The first and most important issue was a random SIGSEGV during a flush:
Todd traced this to a build issue with codegen. Specifically, when using our thirdparty clang to convert precompiled.cc into LLVM IR, we expect that it's using the same libstdc++ used by the rest of the Kudu build. It turns out there's no such guarantee, and depending on the version discrepancy, there may be a variety of issues, including at least one alignment change that could result in the kind of corruption that Casey is seeing.
Let's walk through the various scenarios at play:
- When building Kudu on a platform whose system libstdc++ supports C++11, libstdc++ is expected to be found in /usr regardless of the chosen compiler, be it the system's gcc, clang, or thirdparty's clang.
- On el6, we call scl enable devtoolset-3 before building Kudu. This puts a special build of gcc 4.9.2 on the PATH whose libstdc++ comes from /opt/rh/devtoolset-3/usr rather than from the system itself. To avoid discrepancies, we patch thirdparty clang to use that same path when searching for headers and libraries, so we end up with the same libstdc++ for Kudu as for emitted LLVM IR.
- On OSX, C++ supports comes by the way of libc++, with a location deep within XCode. This location is built into the system clang, which is also the compiler used to build Kudu. We don't patch thirdparty clang as on el6, so it can't find libc++ by default. However, Kudu adds -cxx-isystem <this XCode path> during the codegen build. In this way, the libc++ used in emitting LLVM IR is the same as what's used in the rest of Kudu.
- Building with the Impala toolchain is similar to the el6 case except without the patch to thirdparty's clang. Nor can it be patched in the same way; the toolchain location varies from system to system. Without the patch, thirdparty's clang ends up using the system's libstdc++, which isn't guaranteed to be the same as the version in the toolchain, and can lead to the issues described above. This needs to be addressed.

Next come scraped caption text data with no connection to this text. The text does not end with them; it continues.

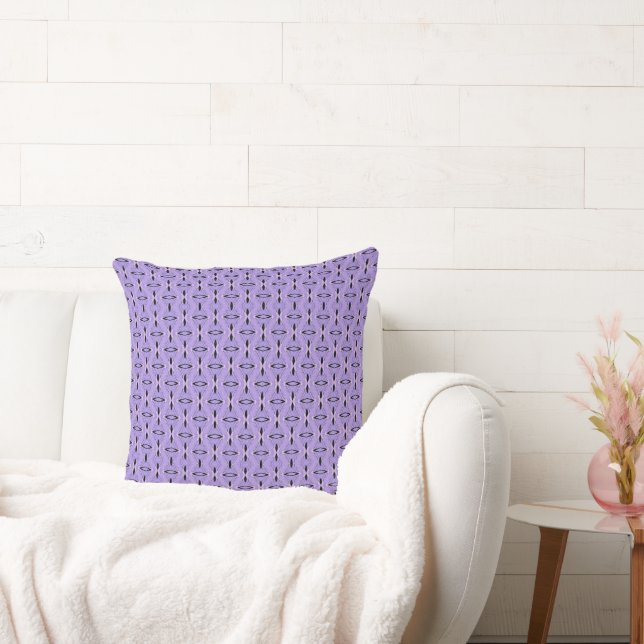 Lavande décorative moderne et Coussin noir (Canapé)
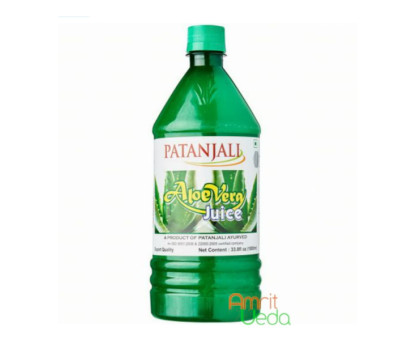 Aloe vera ジュース with fiber Pananjali, 1 l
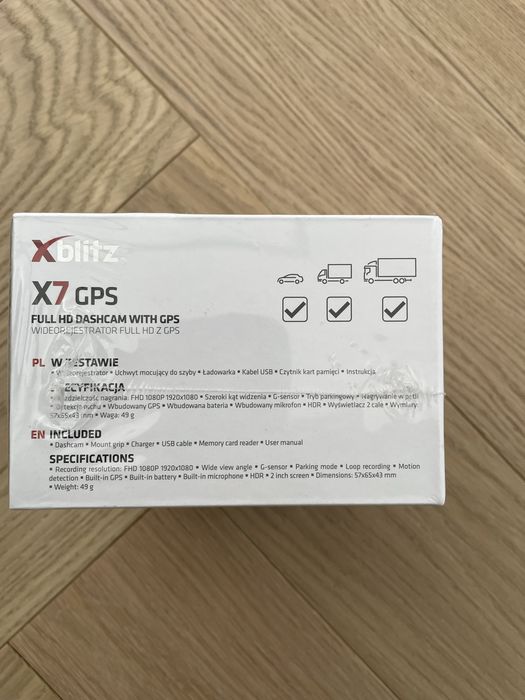 Kamera samochodowa  Xblitz X7 GPS full hd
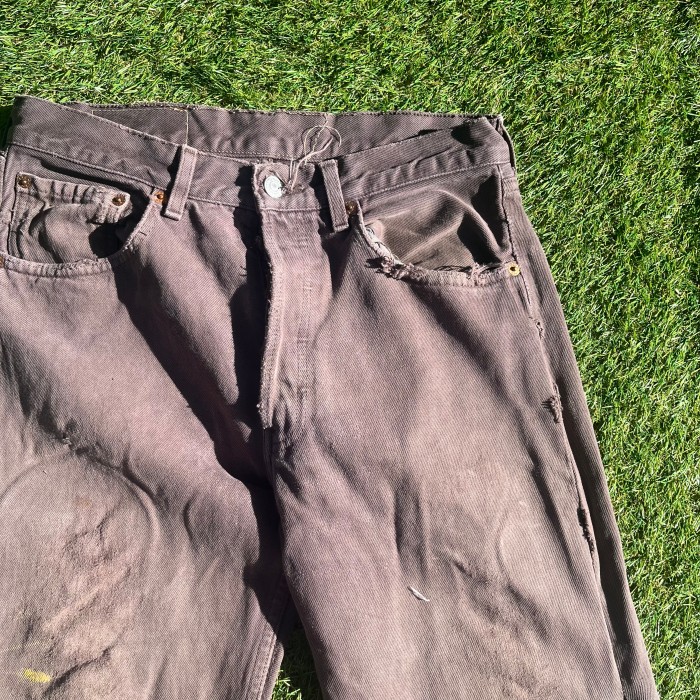 LEVI’S 501 remake flared pants design denim brown | Vintage.City 빈티지숍, 빈티지 코디 정보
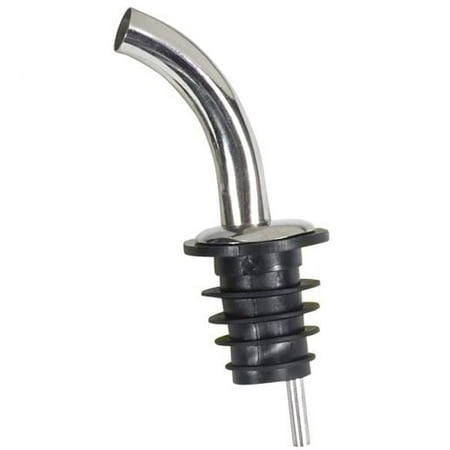 

2 Pcs Winco PPM-4G Angled Stainless Steel Liquor Speed Pourer - 12/Pack Dozen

Separately, Casey ran into a build-time issue when building Kudu with the Impala toolchain on a platform that doesn't provide Python 2.7 (I think it was an el6 VM). On these platforms, Kudu builds its own Python 2.7 before building LLVM, as the latter depends on the former to build. The Python build failed with the following:
I investigated this briefly; there's something about the combination of the Python build logic and the environment variables emitted by the toolchain that causes CONFIG_ARGS to not get used stored properly by sysconfig.
For now Casey has worked around this second issue by forcing the build of Kudu to use Python 2.7 from the Impala toolchain, but we should get to the bottom of this second issue as well.